Флегматичный, мешковатый, всегда сосредоточенный на чем-то своем, Дорогов напоминал мне друга моей юности Юру Артемьева, только сильно постаревшего; пожалуй, среди нас он был старшим по возрасту. Как я понимаю, его идеалом был Николай Федорович Федоров — легендарный русский философ и (по словам Дорогова) человек без быта. Сам Дорогов ютился в маленькой комнате при общежитии, доставшейся ему еще от студенческих (или аспирантских) лет. Человека с такой эрудицией я больше не встречал. Он читал нам десятки лекций по истории науки, искусства, техники, философии, выстраивал хронологические ряды, сопоставлял этапы развития разных областей материальной и духовной деятельности и строил изо всего этого монолитную пирамиду человеческой культуры. И при этом он почти не мог писать. Как-то он пожаловался мне: “Я не понимаю Тойнби: как человек, столько знающий, мог так много писать”. Требуемые от научного сотрудника по плану четыре или пять печатных листов ученых трудов в год засчитывались Дорогову его лекциями.

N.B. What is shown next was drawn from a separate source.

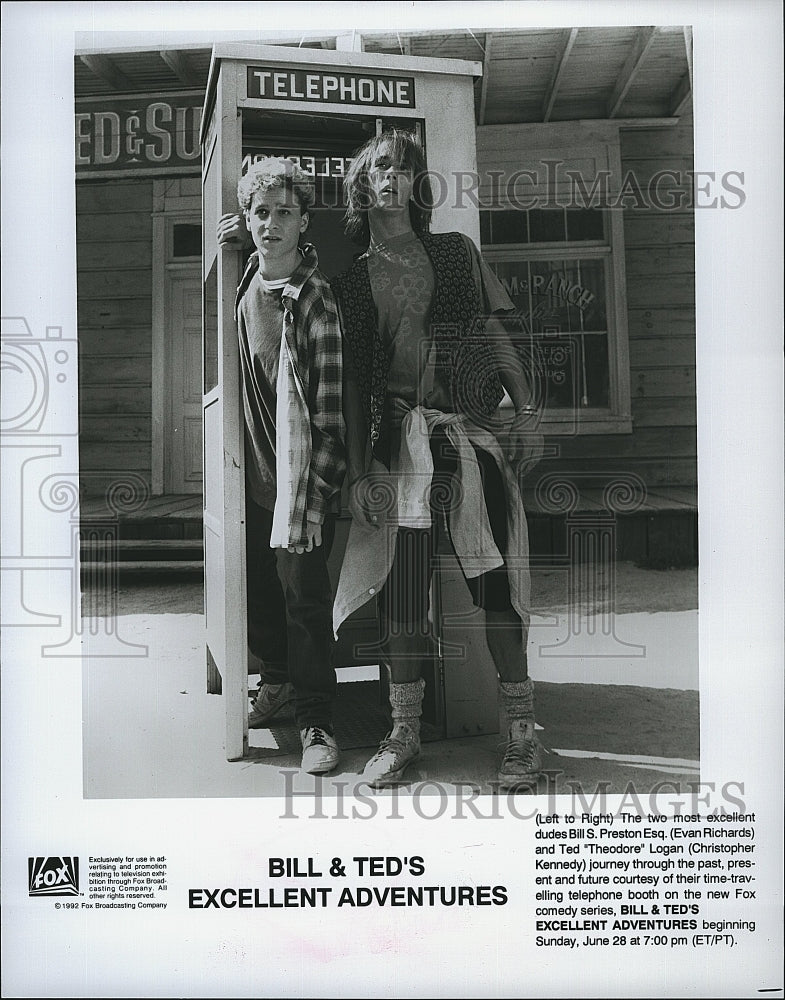 1992 Press Photo Evan Richards in &quot;Bill &amp; Ted&#39;s Excellent Adventures&quot;- Historic Images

А когда он вымучивал из себя небольшую статью, — увы! — это был набор общеизвестных фактов. Алексей Алексеевич — не первый известный мне случай подобного рода сознания. Для такого типа ученого каждая его собственная идея, мысль, прозрение, сопоставляемые с огромным количеством известных им фактов, кажутся сомнительными, неточными, высказанными уже в других ученых трудах. Кажется, единственная его серьезная публикация — это небольшая статья о М.М. Бахтине, подписанная им в числе других трех или четырех соавторов. Еще в 1950-х годах Дорогов ездил в Саранск, где проживал в ссылке Бахтин, и, думаю, с великим ученым он мог беседовать на равных.

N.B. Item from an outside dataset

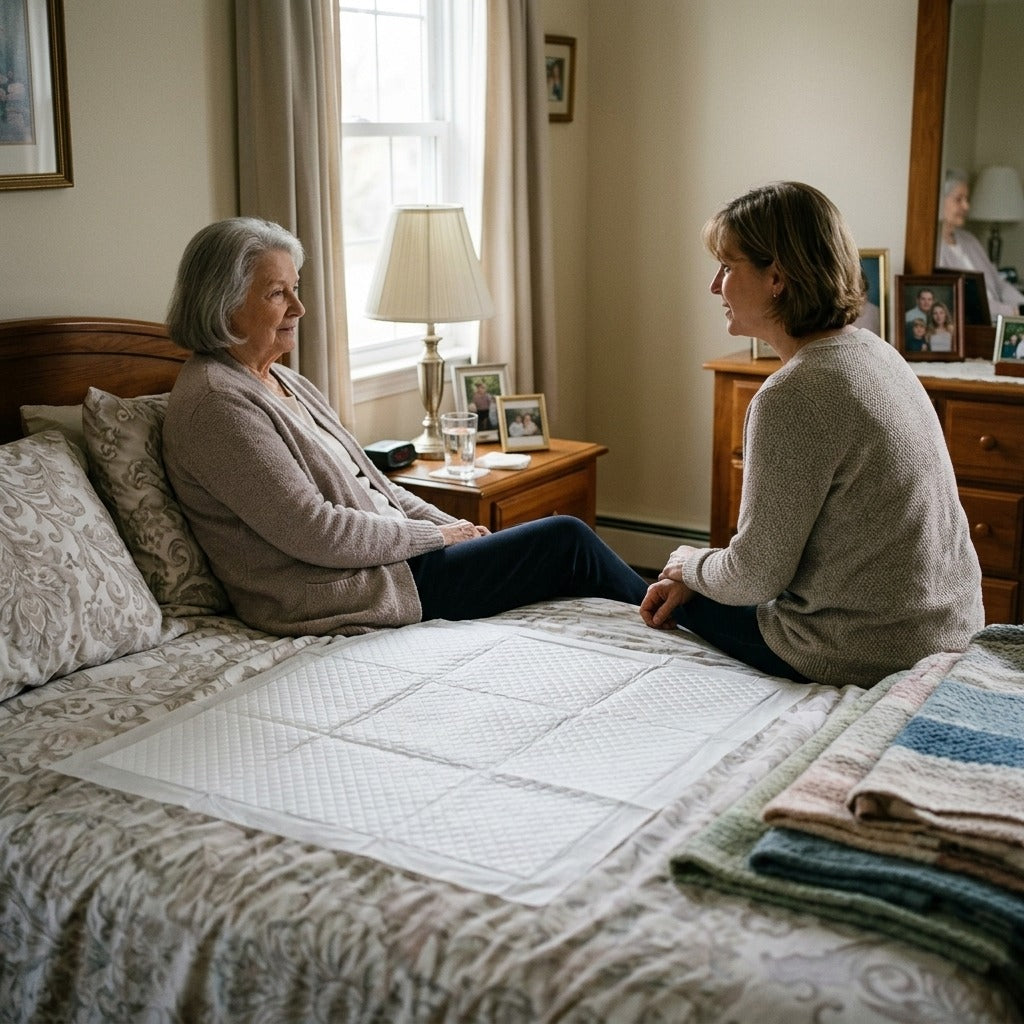 Disposable Incontinence Bed Underpad - in everyday life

Еще в Музее я начал работать над книгой с громоздким названием “Эстетическая природа течений в современном зарубежном искусстве”. Книга получилась солидная — страниц на 300–350. В 1964 году она была сдана в отдел эстетики издательства “Искусство”, прошла рецензирование и была подписана в печать. Летом этого года Виктор Никитович Лазарев пригласил меня прочитать курс лекций по современному западному искусству на искусствоведческом отделении МГУ. В мое время лекции по истории искусства заканчивались в университете где-то на импрессионизме. Позже профессор В.Н. Прокофьев, мой хороший знакомый и доброжелатель, доводил свои лекции до Пикассо, экспрессионизма, но цельного курса по искусству ХХ века не существовало. Единственно, что просил меня Виктор Никитович, когда принимал на работу, это не очень хвалить абстракционизм, на что я сказал, что сам не большой поклонник этого направления. Преподавание меня всегда увлекало, и я с энтузиазмом принялся за дело.
Последующие события поставили крест на моей работе как в университете, так и во ВНИИТЭ. Я еще буду писать об этом в других разделах, а сейчас вынужден прерваться: относительно плавное течение времени нарушил арест писателей А. Синявского и Ю. Даниэля.